Sayfa Yükleniyor...
Sanat ve üretim, birbirine derinden bağlı ve önemli iki kelimedir. İnsan, ancak üretebildiği ölçüde yaşamından keyif alır. Üretmek, yenilenmenin ve dünyaya farklı bir açıdan bakabilmenin bana göre en iyi yoludur. Peki, üretmek nedir? Hangi alanda olursa olsun, üretmek insanın kendi yolculuğu ve sorgusu ile başlar.
Bilinçli bir insan, ürettiği alanda derinlemesine araştırma yaparak, kendini o konuda geliştirebilir. Başarılı bir üretici istediği ilgi duyduğu konuda kanalize olduktan sonra uygun öğrenme yöntemleriyle yol almaya başlar.

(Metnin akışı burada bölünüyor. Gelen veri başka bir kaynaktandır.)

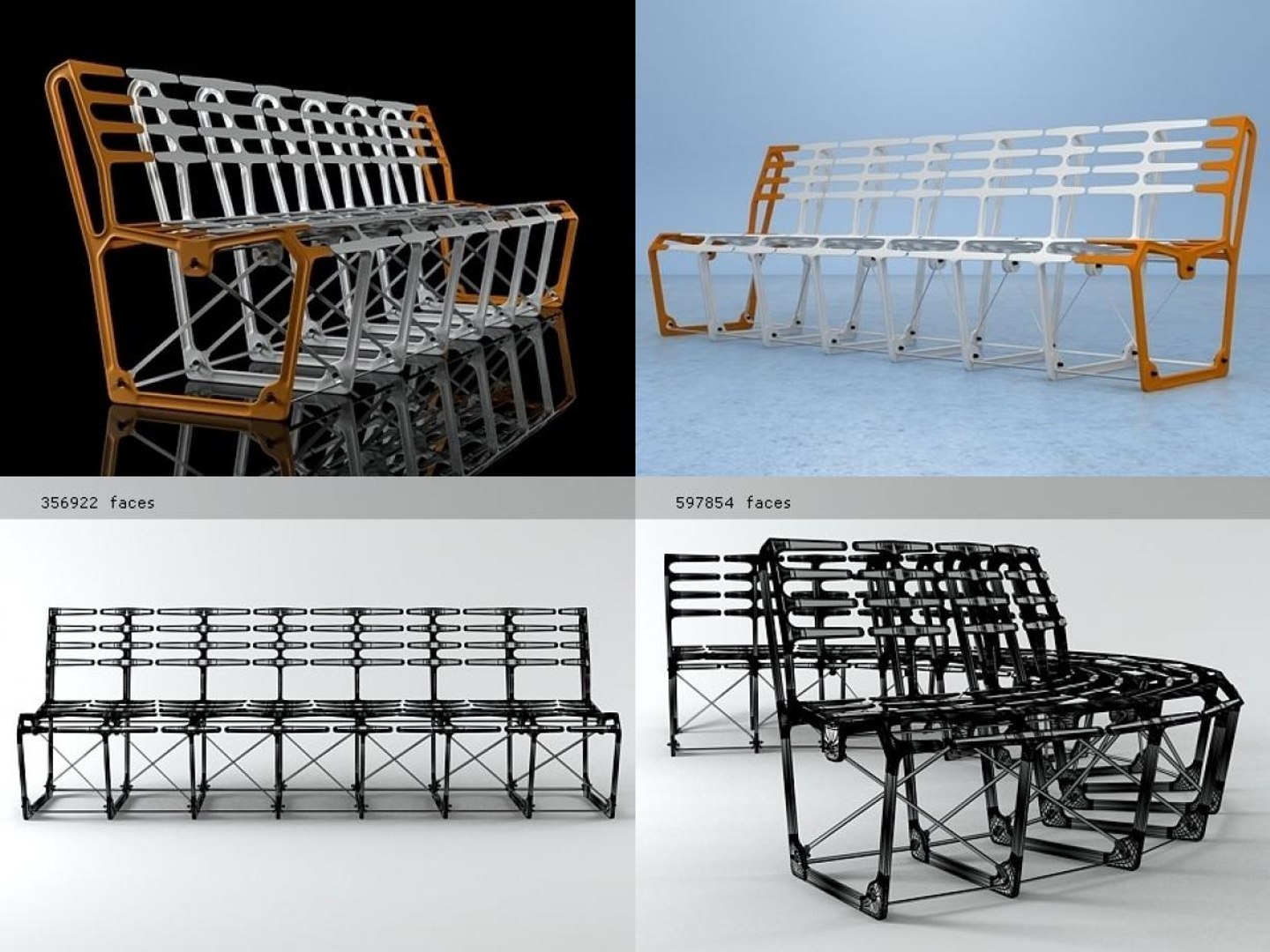 ghisa g01 3D https://p.turbosquid.com/ts-thumb/5S/6eseNK/Y2qmRlPm/ghisag01_3/jpg/1500647372/1920x1080/fit_q87/4e528b271a87c72c4af31159256471f520e287fc/ghisag01_3.jpg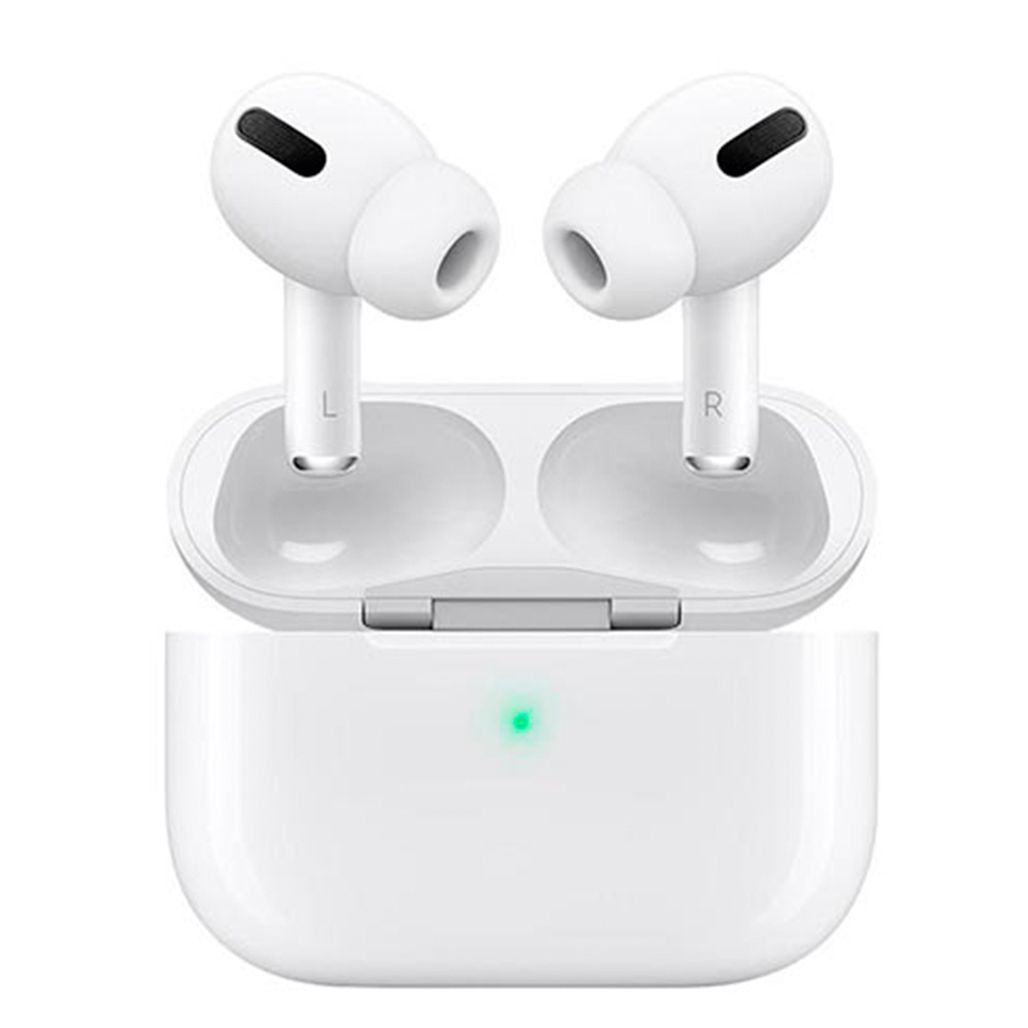 

Навушники Hoco EW04 Plus Stereo Bluetooth Headset (White)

Bu süreçte kaynakları inceleyerek kendinden bir şeyler ekler. İşte bu noktada, gerçek anlamda üretmenin ve kişisel farkındalığın ortaya çıkması mümkün olur. Bu sürecin sanatla bağlantısını daha iyi anlamak için geçtiğimiz günlerde okuduğum ilginç bir örneği paylaşmak istiyorum. Ünlü bir ressama, “Tablonuza yapılan yorumları anlamıyorum, Eserlerinizi anlamlandıramıyorum. Neden net resimler yapmıyorsunuz?” şeklinde eleştiri yapılmış. Ressam, dikkatle eleştiriyi dinlemiş etrafına bir süre bakınmış. Eleştirilen ortamda tavukların buğday gagaladığını fark etmiş ve yere bir buğday tanesi çizmiş. Buğdayı gerçek zanneden tavuklar, ressamın çizdiği buğdayı gagalamaya başlamış. Eleştiri yapan kişi “İşte, bu kadar net yapabiliyorsunuz, o zaman neden çizimleriniz belirsiz?” diye sormuş eleştirmen. Ressam ise gülümseyerek, “Eserlerimi tavuklar için değil, insanlar için çiziyorum” demiş. Okuduğumda çok hoşuma gitmişti. Çünkü bu örnek, sanatın sadece teknik doğruluğa ve tek düze olmaya dayalı olmadığını, aynı zamanda duygulara hitap etmesi gerektiğini gösterdiğine dair aklımda yer etti.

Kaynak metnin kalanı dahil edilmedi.